- Information given -
+ + + + +
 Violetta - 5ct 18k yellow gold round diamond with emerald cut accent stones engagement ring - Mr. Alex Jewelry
+ + + + +
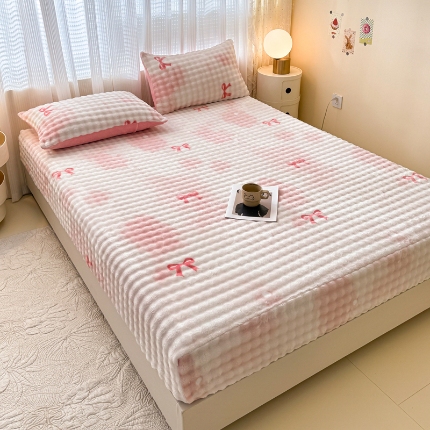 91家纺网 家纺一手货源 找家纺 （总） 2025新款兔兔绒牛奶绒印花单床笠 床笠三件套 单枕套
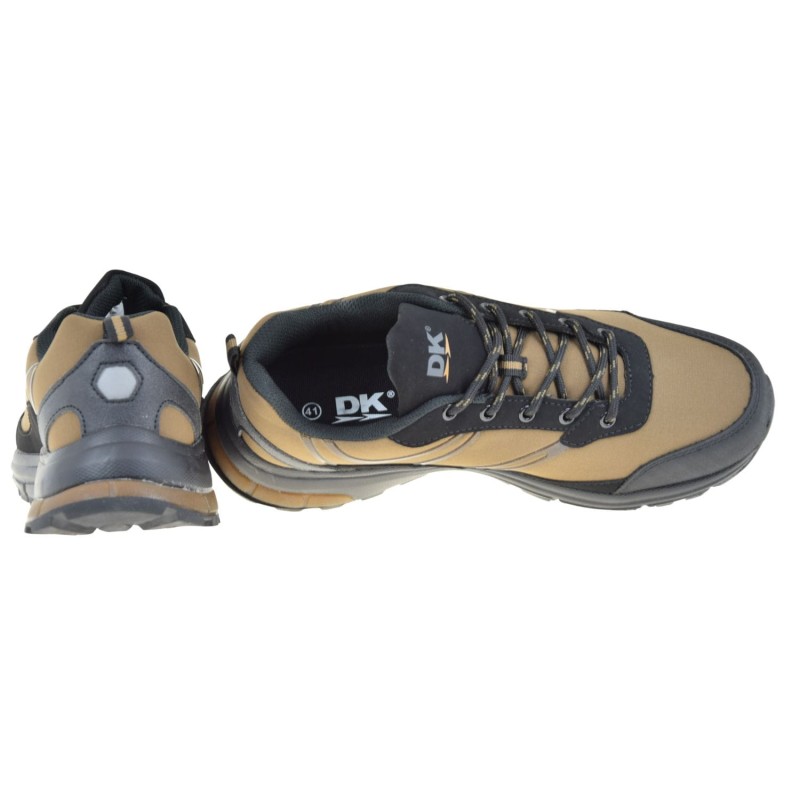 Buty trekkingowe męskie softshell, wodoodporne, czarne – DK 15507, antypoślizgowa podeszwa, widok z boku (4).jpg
+ + + + +
- What needs to be done -
Nothing but the lines above, starting at the line that contains "91家纺网 家纺一手货源 找家纺" and ending at the line that contains "Buty trekkingowe męskie", should be given again, exactly and without the pictures.

- Output -
 91家纺网 家纺一手货源 找家纺 （总） 2025新款兔兔绒牛奶绒印花单床笠 床笠三件套 单枕套
 Buty trekkingowe męskie softshell, wodoodporne, czarne – DK 15507, antypoślizgowa podeszwa, widok z boku (4).jpg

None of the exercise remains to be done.